The Corporate Governance Branch of the Social Trends Institute seeks to contribute to the analysis of the changes taking place in the governance of the business corporation. At the same time, STI recognizes the enormous contribution that business organizations make toward the socio-economic development of communities around the world and, as such, Corporate Governance seeks to encourage updated business models based on a commitment to creating wealth in ways that are compatible with people's personal and professional development and with society's needs.
The Social Trends Institute, through its members and partners, has links to important business institutions, such as the Strategic Management Society, the European Foundation for Management Development, IESE Business School, and others. The Corporate Governance Branch thus has a unique opportunity to partner with renowned business professors and professionals. STI especially welcomes projects that focus on business ethics and corporate responsibility.

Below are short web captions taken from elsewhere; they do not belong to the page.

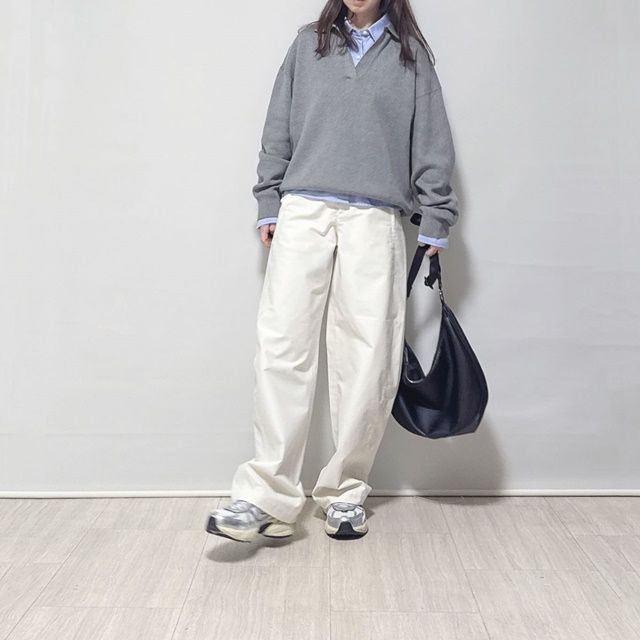 UNIQLO and JW ANDERSONのブルーの「オックスフォードシャツ」×ジャージーバレルレッグパンツ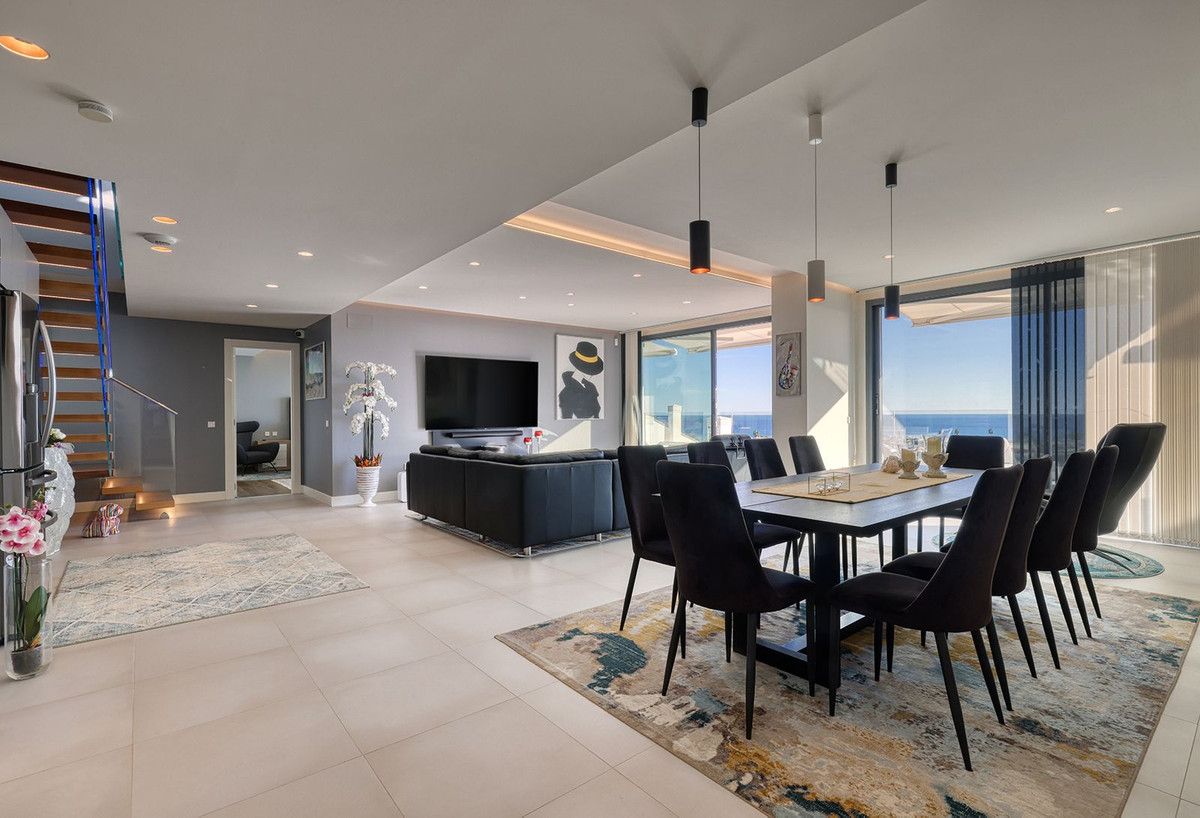 Apartamentos de 5 dormitorios en venta en Mijas – R5118007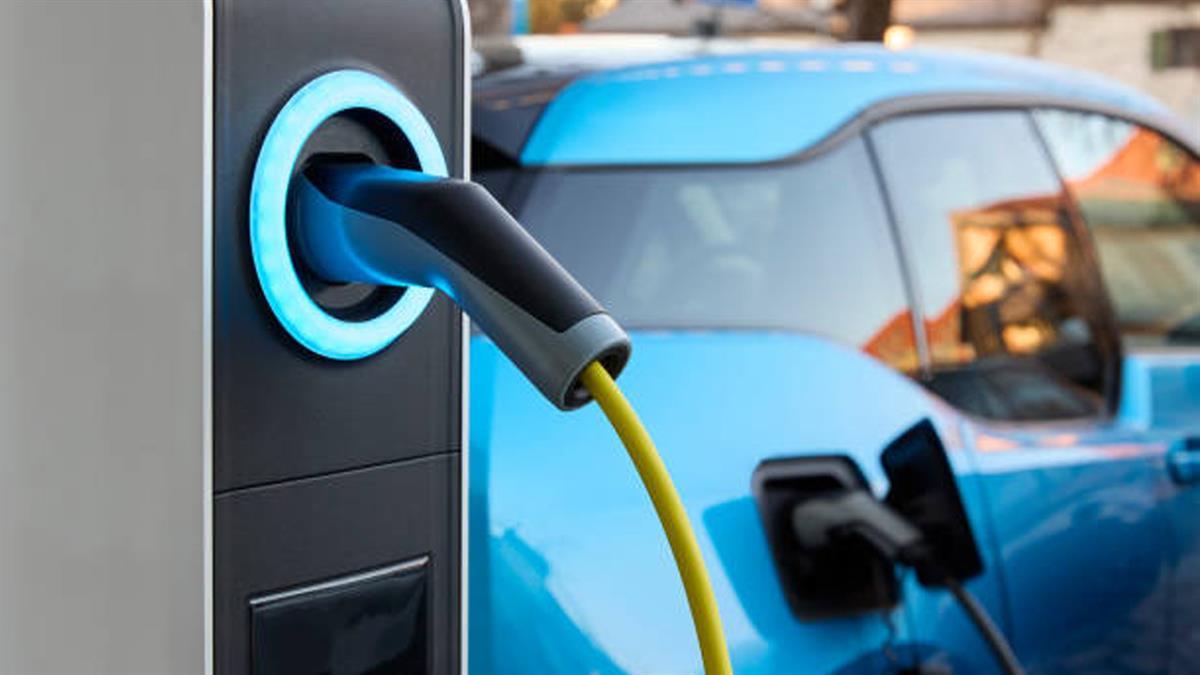 La región firma un protocolo para aumentar los puntos de recarga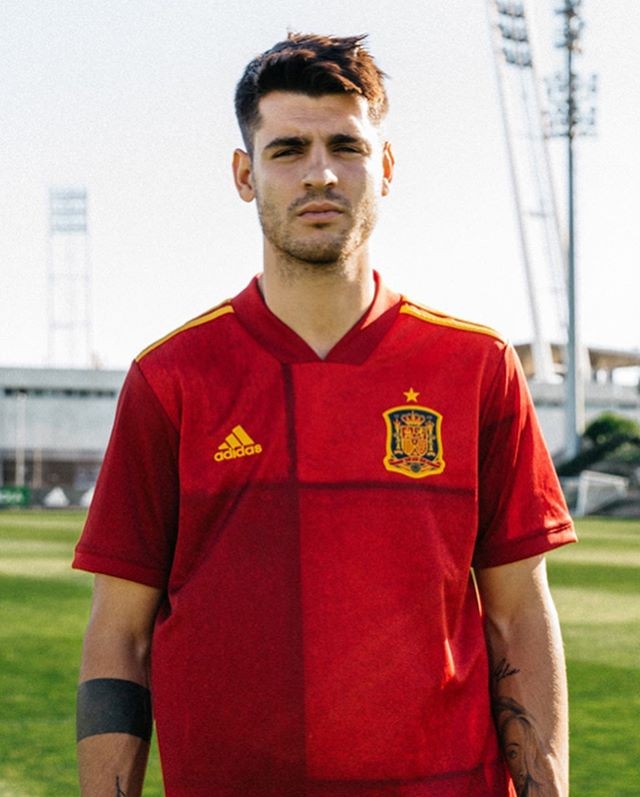 Álvaro Morata com novo uniforme espanhol (Foto: Reprodução: Instagram)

Corporate Governance Experts Meetings include:
The Responsible Corporation in a Global Economy
Held at Warwick Business School and hosted by Professor Colin Crouch in March 2009, this Experts Meeting focused on questions related to Corporate Social Responsibility (CSR). Drawing from scholars and practitioners from all different viewpoints, the meeting attempted to discuss and answer such questions as: Can CSR be regarded as an important contributor to public policy? What issues are raised by CSR for international organizations and corporations? Can the term "corporate citizenship" be correctly applied to CSR activities?
We look forward to presenting the resulting publication in 2010.
Rethinking Business Management
An experts meeting entitled Rethinking Business Management was held on May 17-19, 2007 in Princeton, New Jersey. The meeting, supported by STI and organized by the Witherspoon Institute, examined experiences of business school education in light of social and ethical responsibilities. The thesis presented for discussion at the conference was that effective management is grounded both on good business science and on robust ethical and anthropological conceptions of human flourishing.
The conference resulted in a publication on the foundations of management originally titled Rethinking Business Management: Examining the Foundations of Business Education, and subsequently reprinted as Profit, Prudence and Virtue - Essays in Ethics, Business and Management. It is hoped this line of thought may encourage re-examination of business school curricula.
Faith and Economics
An Experts Meeting on Faith and Economics took place on March 18-19, 2007 at the European University Institute in Florence. The meeting, led by Harold James, analyzed the widespread view that the practice of economics has become technocratic and detached from commitments to broader ethical, moral and religious values. The meeting advanced from two premises: first, that mankind’s spiritual and practical developments cannot be separated from each other; and second, that spiritual poverty engenders social and economic fragmentation and erosion. Four prominent international economic policy-makers – Anwar Ibrahim, Michel Camdessus, Emma Rothschild and Amartya Sen – and Harold James explored the relationship between faith, economic and distributional justice, and policy applications.
The meeting dealt with questions such as: Has policy-making become too technocratic and too separated from the awareness of the dignity of an individual? What kinds of conceptions of freedom help to form a just approach to policy questions? What links can be established – or debunked – between poverty and spiritual condition?
Ethics, Families, Entrepreneurship and the Corporation
In partnership with The Witherspoon Institute, STI hosted a conference in Princeton from March 9-11, 2006. The conference was in honor of the late Peter T. Bauer, whose contributions to the public dialogue about economics and economic policy-making were unmatched. As a professor of economics at the London School of Economics, he shifted public discussion from macro-economic Keynesian approaches to a concrete look at the micro-economic preconditions for success. Peter Bauer was especially worried about the way in which state planners subverted and destroyed traditional institutions which were actually essential to the smooth functioning of a market. One of the most obvious of these foundations was the family, and Peter Bauer devoted a considerable part of his analysis to these problems.
Directed by Harold James, renowned Princeton University professor, the conference aimed to study how the family has played, does play and will continue to play a decisive role in the history of capitalism.